In the case of DeepMind, Stringer says the reinforcement learning approach used to teach systems to play classic arcade games and Go has limitations compared to how animals and human acquire knowledge about the world.

Whereas these reinforcement learning algorithms can learn to map which actions lead to the best outcomes they are “model-free”, meaning the system “knows nothing about its world”.

That approach is very different to how a rat’s brain enables it to navigate a maze, he said.

“It’s been shown over a half a century ago that what rats do is learn about the structure of their environment, they learn about the spatial structure and the causal relations in their world and then, when they want to get from A to B, they juggle that information to create a novel sequence of steps to get to that reward.”

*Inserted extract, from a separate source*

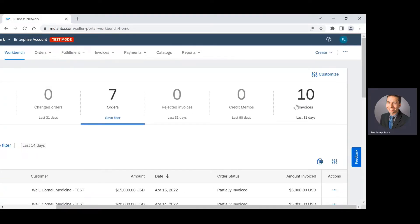If you do not have an invoices tile, you can add it by clicking on the customize link.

When you teach a system using model-free reinforcement learning, Stringer says it’s “behaviorally very limiting”.

“As the environment changes, for example one route is blocked off, the system doesn’t know anything about its world so it can’t say ‘This path is blocked, I’m going to take the next shortest one’. It can’t adapt but rats can.”

Similarly, Google’s announcement a few years back that it had trained a neural network to spot cats in images doesn’t represent a step towards developing a human-like vision system.

“When we look at a cat, we’re not just aware there’s a cat in the image, we see all of the millions of visual features that make up that cat and how they’re related to each other. In other words our visual experience is much richer than one of these deep learning architectures, which simply tells you whether there’s a particular kind of feature in an image.”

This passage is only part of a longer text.